Drishti Mains Question

What are the key factors driving the rise of agri tech in India, and what are the major challenges faced by the sector in achieving its full potential?

UPSC Civil Services Examination, Previous Year Questions (PYQs)


Q. Consider the following statements: (2017)

The nation-wide ‘Soil Health Card Scheme’ aims at

  1. expanding the cultivable area under irrigation.
  2. enabling the banks to assess the quantum of loans to be granted to farmers on the basis of soil quality.
  3. checking the overuse of fertilizers in farmlands.
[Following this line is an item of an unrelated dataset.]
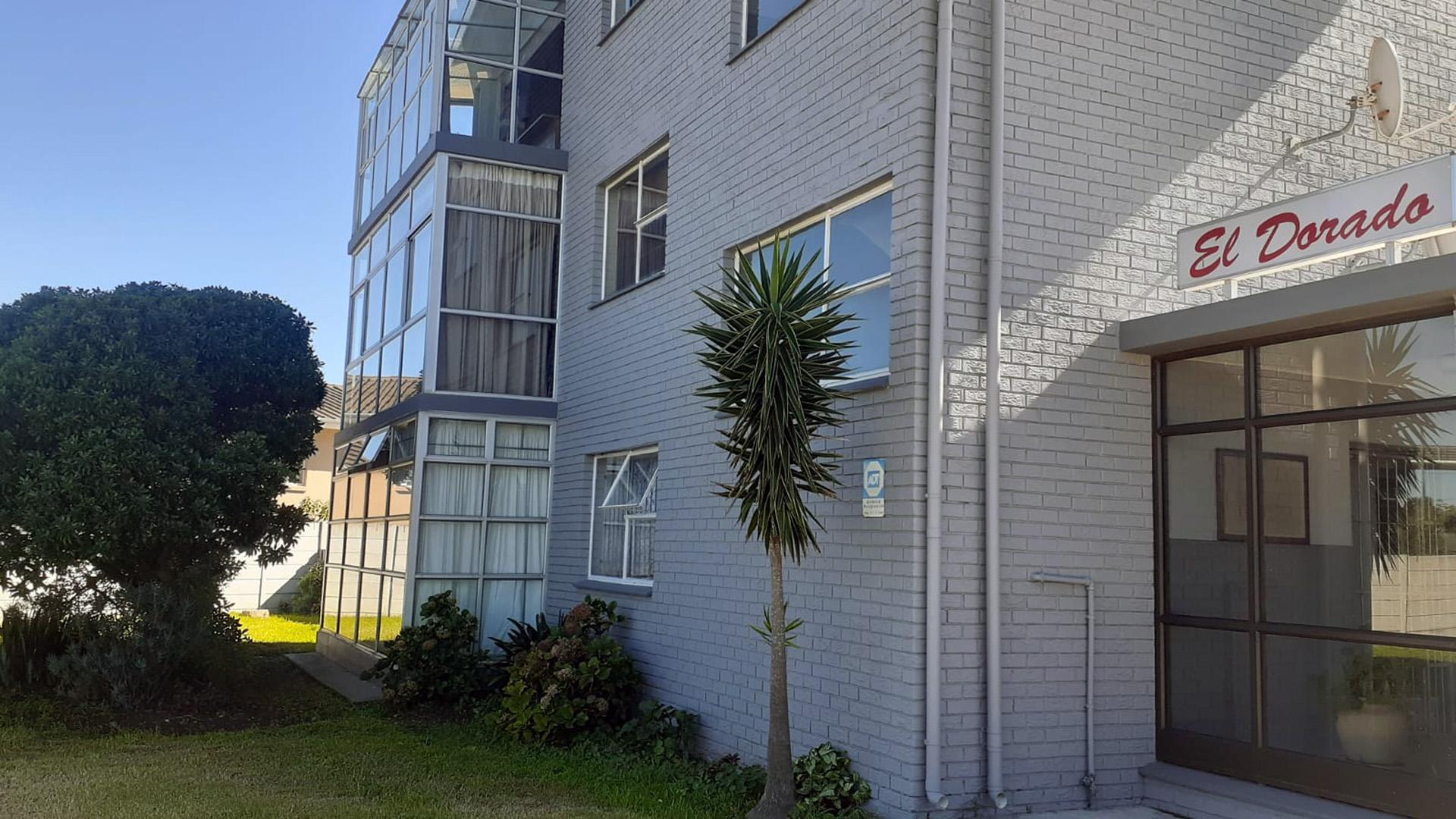 Front View of property in Westering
Which of the above statements is/are correct?

(a) 1 and 2 only

(b) 3 only

(c) 2 and 3 only

(d) 1, 2 and 3

Ans: (b)


  • Soil Health Card (SHC) is a GoI scheme promoted by the Department of Agriculture and Co-operation under the Ministry of Agriculture and Farmers’ Welfare. It is being implemented through the Department of Agriculture of all the State and Union Territory Governments.
  • A SHC is meant to give each farmer, soil nutrient status of the holding and advise on the dosage of fertilizers and also the needed soil amendments, that should be applied to maintain soil health in the long run.
  • The main aim behind the scheme is to find out the type of a particular soil and then provide ways in which farmers can improve it.